Short text fragments from websites
>>>>
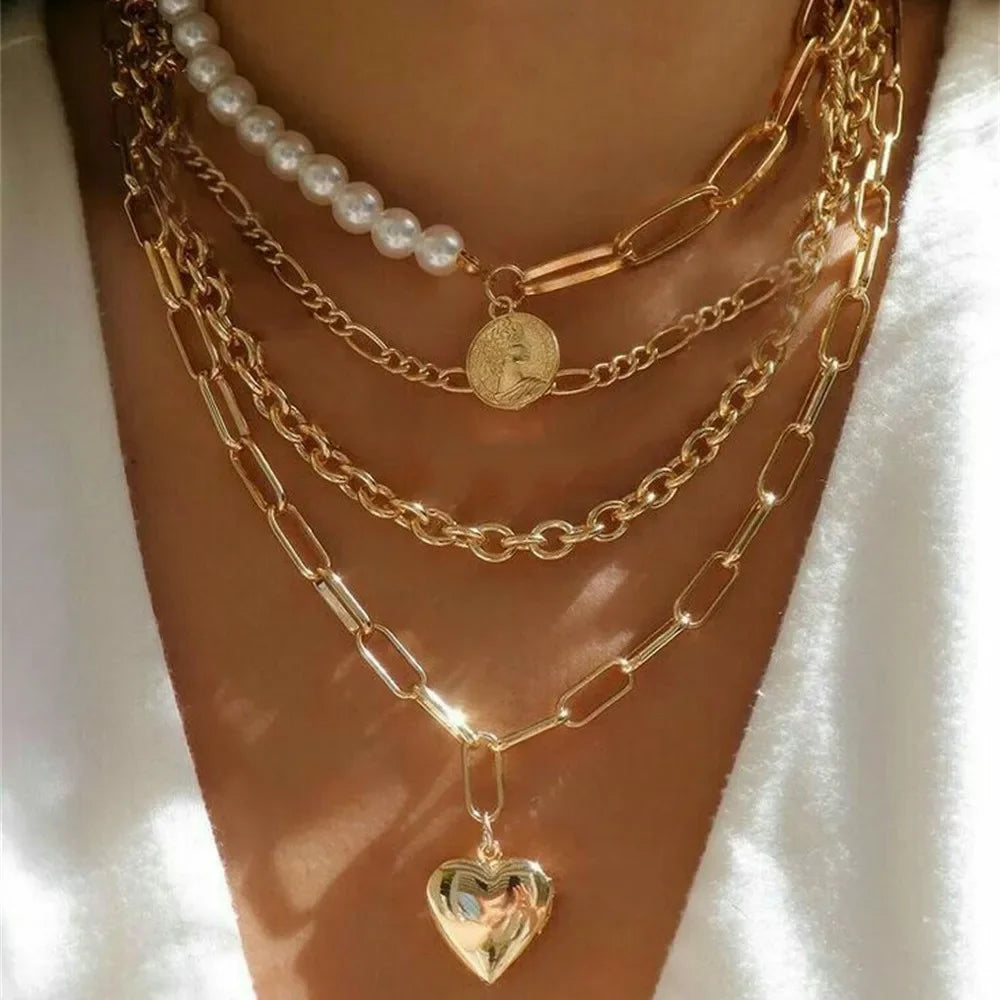 Vintage Gold Coin Chain Necklace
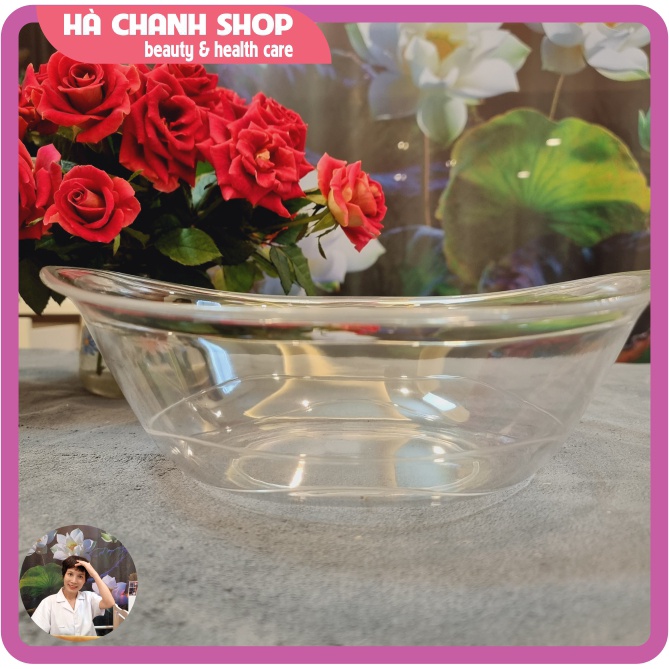 Bát Rửa Mặt Spa Bát Đựng Nước Chậu Rửa Mặt Phong Cách Hàn Quốc Bằng Nhựa Mica Trong Suốt Dày Dặn Đáy Sâu
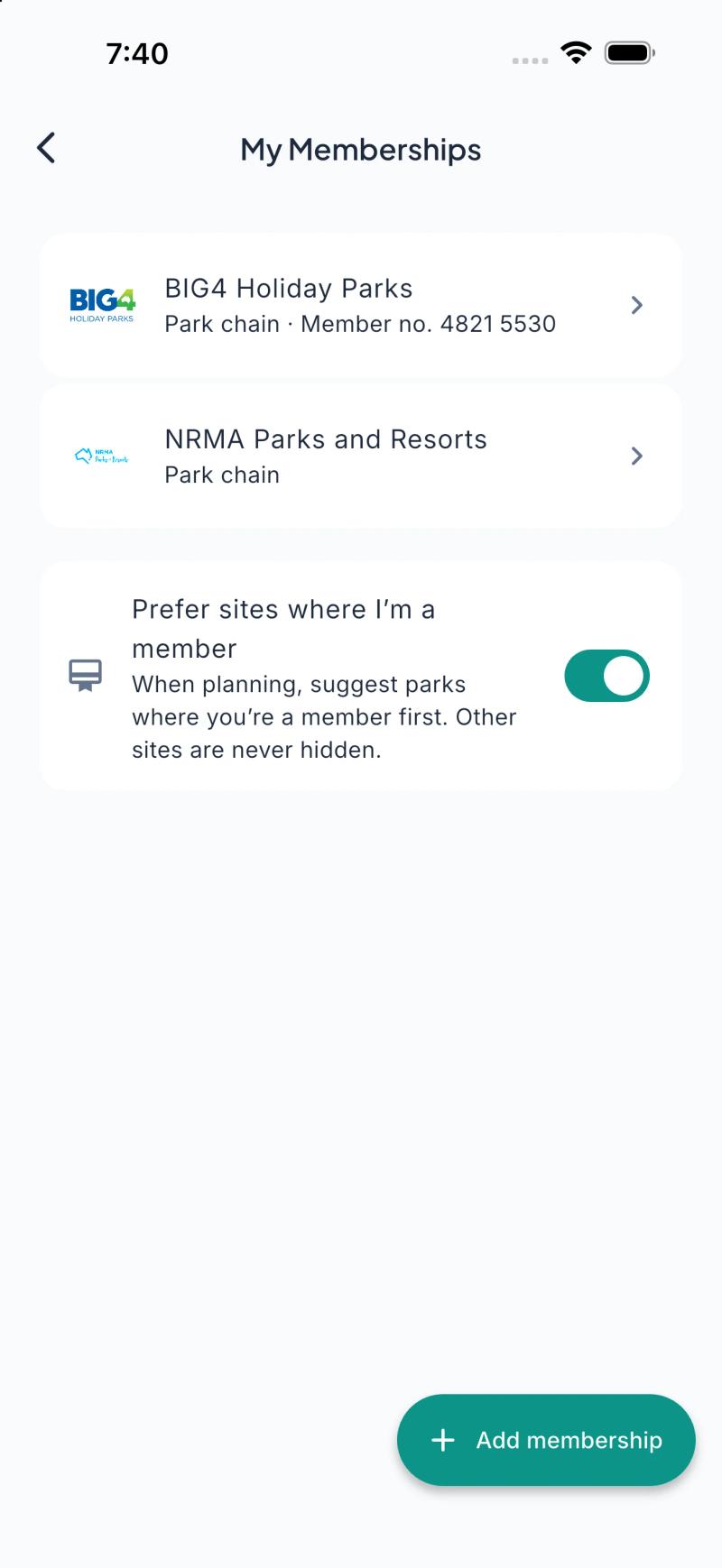 Ready2Roam memberships screen listing a traveller's park and club memberships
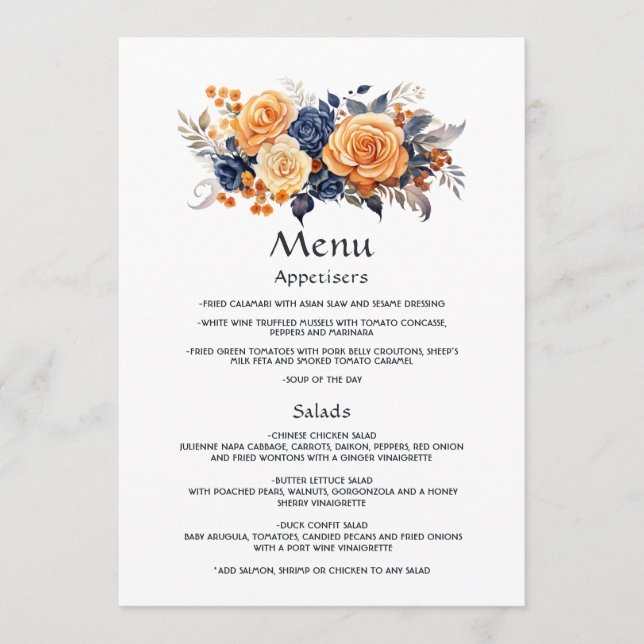 Menú Detalles de la Boda de Floral de la Marina y el Na (Anverso)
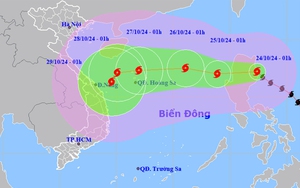 Bão Trami di chuyển phức tạp, liên tục đổi hướng khi vào Biển Đông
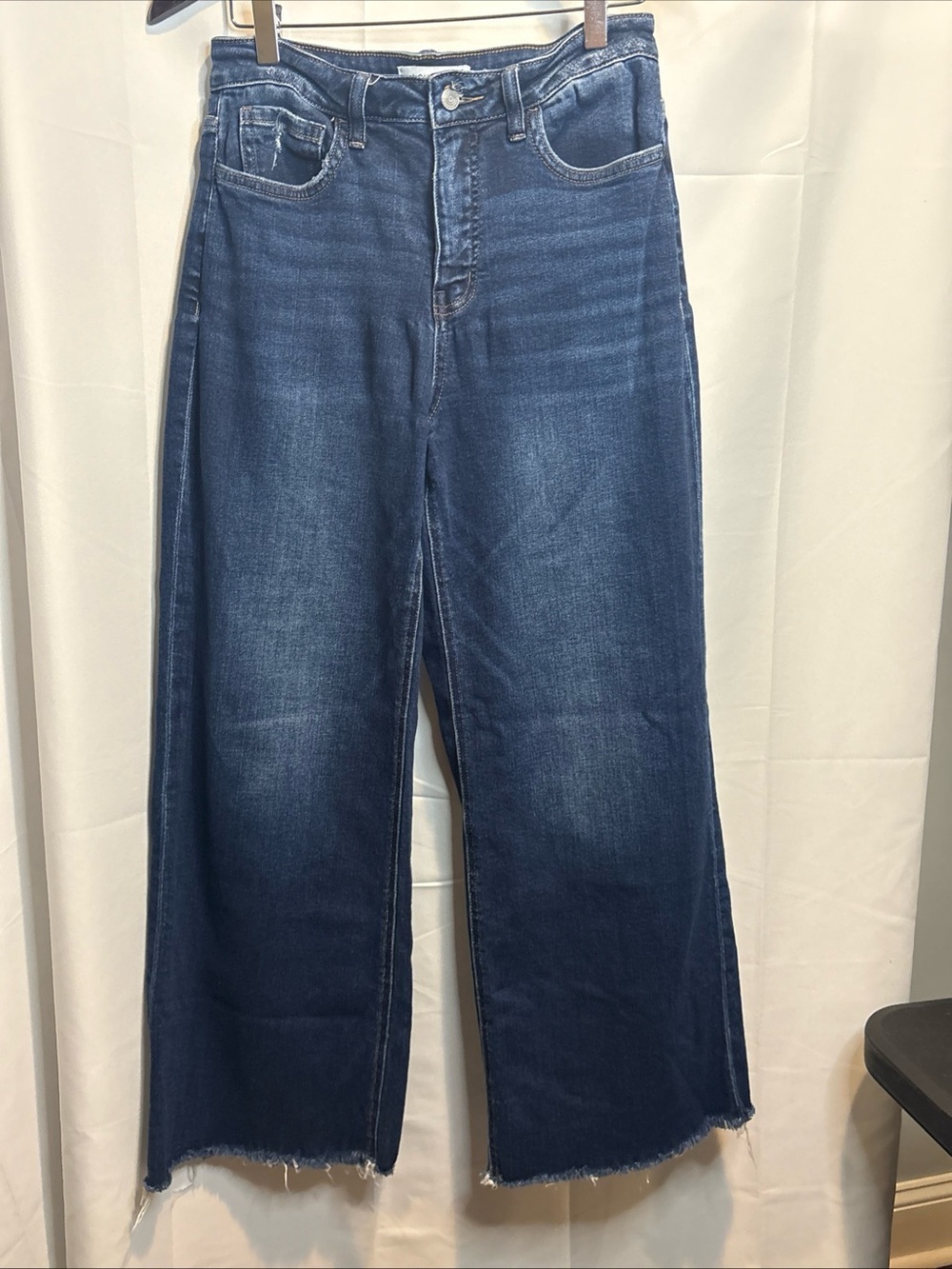 Wide-Leg High-Rise Women's Jeans in Dark Blue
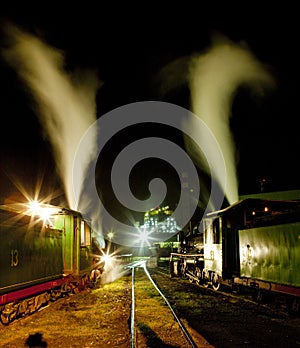 steam locomotives in depot at night, Kostolac, Serbia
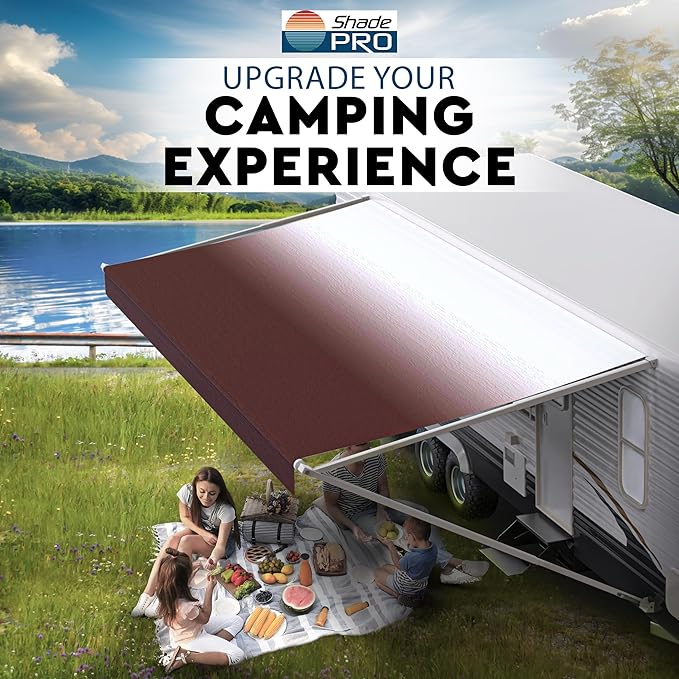 ShadePro - RV Awning Fabric Replacement - Premium Grade Weatherproof Vinyl - Universal Outdoor Canopy for Camper, Trailer, and Motorhome Awnings - Burgundy Fade - 18' (Fabric 17' 2")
<<<<
■ **Your goal**: Repeat all the data as it stands, dropping any images it holds.

■ **Expected answer**:
 Vintage Gold Coin Chain Necklace
 Bát Rửa Mặt Spa Bát Đựng Nước Chậu Rửa Mặt Phong Cách Hàn Quốc Bằng Nhựa Mica Trong Suốt Dày Dặn Đáy Sâu
 Ready2Roam memberships screen listing a traveller's park and club memberships
 Menú Detalles de la Boda de Floral de la Marina y el Na (Anverso)
 Bão Trami di chuyển phức tạp, liên tục đổi hướng khi vào Biển Đông
 Wide-Leg High-Rise Women's Jeans in Dark Blue
 steam locomotives in depot at night, Kostolac, Serbia
 ShadePro - RV Awning Fabric Replacement - Premium Grade Weatherproof Vinyl - Universal Outdoor Canopy for Camper, Trailer, and Motorhome Awnings - Burgundy Fade - 18' (Fabric 17' 2")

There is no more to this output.